Kremlin, Rusya’nın Suriye’nin İdlib bölgesindeki yükümlülükleriyle tamamıyla uyumlu hareket ettiğini, ancak bölgedeki militanların Suriye hükümet güçlerine ve Rusya’nın Hmeymim üssüne yönelik saldırılarından derin kaygı duyduğunu açıkladı.

17 Ocak’ta Suriye ordusu ve İran destekli gruplar, Halep’in İdlib Gerginliği Azaltma Bölgesi sınırları içerisindeki batı ve güney kırsalına kara saldırısı başlatmıştı. 28 Ocak’ta Suriye ordusu İdlib’in en büyük ilçesi Maarat el Numan’a girmiş, Milli Savunma Bakanlığı da ‘gözlem ve kontrol noktalarını tehlikeye atacak her türlü girişime karşılık verileceğini’ duyurmuştu. ABD Suriye Özel Temsilcisi James Jeffrey de 700 bin kişinin Türkiye sınırına doğru ilerlediğini söylemişti.

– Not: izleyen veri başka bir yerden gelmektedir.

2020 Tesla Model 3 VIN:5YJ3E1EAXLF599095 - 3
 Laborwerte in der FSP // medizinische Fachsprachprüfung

Cumhurbaşkanı Tayyip Erdoğan, Afrika ziyaretinden Türkiye’ye dönüşünde şu ifadeleri kullanmıştı: “Şu an itibariyle maalesef Rusya Astana’ya da Soçi’ye de sadık değil. (Rusya) Arkadaşlarımız muhataplarıyla görüşmeler yapıyorlar. Bu görüşmelerde de kendilerine ‘artık İdlib’de bu bombalamaları vesaire durdurdunuz durdurdunuz, durdurmadığınız takdirde bizim artık sabrımız tükeniyor.”
Erdoğan bugün de Şam yönetiminin İdlib’deki muhaliflerin Türkiye sınırına doğru göç etmesine yol açan taarruza son vermemesi ve Türkiye’nin güvenlik kaygılarının giderilmemesi halinde sınır ötesi askeri harekat başlatmaktan çekinmeyeceğini söyledi.